Thank you for that great information and inspiration. I actually have a dehydrator sitting in storage because I have not done much dehydrating lately. Chilies are something I am strongly considering growing next year as they are one of those things that can give so much flavor with so little. I will definitely consider dehydrating my chilies as that is such a good way to preserve them without taking up too much space.
I make an excellent hot pepper spice blend. I slice the peppers/chilies on a slicer. About 1/8. Inch. I just slice from bottom up to stem. Dehydrate 130-140 degrees, rotating trays, for about 5 hours. I have 6 trays. I slice them all into slices like pickle chips. Small to large, all kinds. In 4 hours I will have 2 trays bell peppers, 2 of serrano. I dry dark green and sliced thin like I do, the colors are beautiful. Have fun.
Thanks for sharing, Valerie! This sounds like it would make a wonderful gift to share with friends and family as well.
No matter what kind of chilies I chose to dry, I’d have use gloves, even for the mildest of varieties. I don’t really cook with chilies enough to go through the process of drying them. But, as a crafter, I can see myself drying some chilies to use in some type of decoration. What kind of decoration? I don’t know, I’d have to scour the internet or YouTube for some ideas. Chilies are beautiful to look at.

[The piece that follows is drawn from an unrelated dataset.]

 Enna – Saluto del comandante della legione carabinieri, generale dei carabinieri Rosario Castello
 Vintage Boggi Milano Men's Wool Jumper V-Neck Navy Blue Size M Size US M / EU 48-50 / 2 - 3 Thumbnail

Very interesting. I use chilies a lot — buy them frozen from the Chinese supermarket, but never thought of making my own chili flakes, always buy it in a package. I wonder if frozen chilies would dry as well? Anyway, I often don’t like the taste or smell of the dry chilies i buy. Just use them in spaghetti sauces and all, where they will give a lil’ kick but will end up overwhelmed by the other flavors.
I grow my own chillies and leave them out to dry naturally. I remember to turn them daily and although it takes a couple of weeks, I’ve never had any problems. Once dried, I’ll store some whole chillies on a jar but grind the rest into powder. I save so much money by doing this as I love to cook hot, spicy dishes, plus I find that the flavor is far superior.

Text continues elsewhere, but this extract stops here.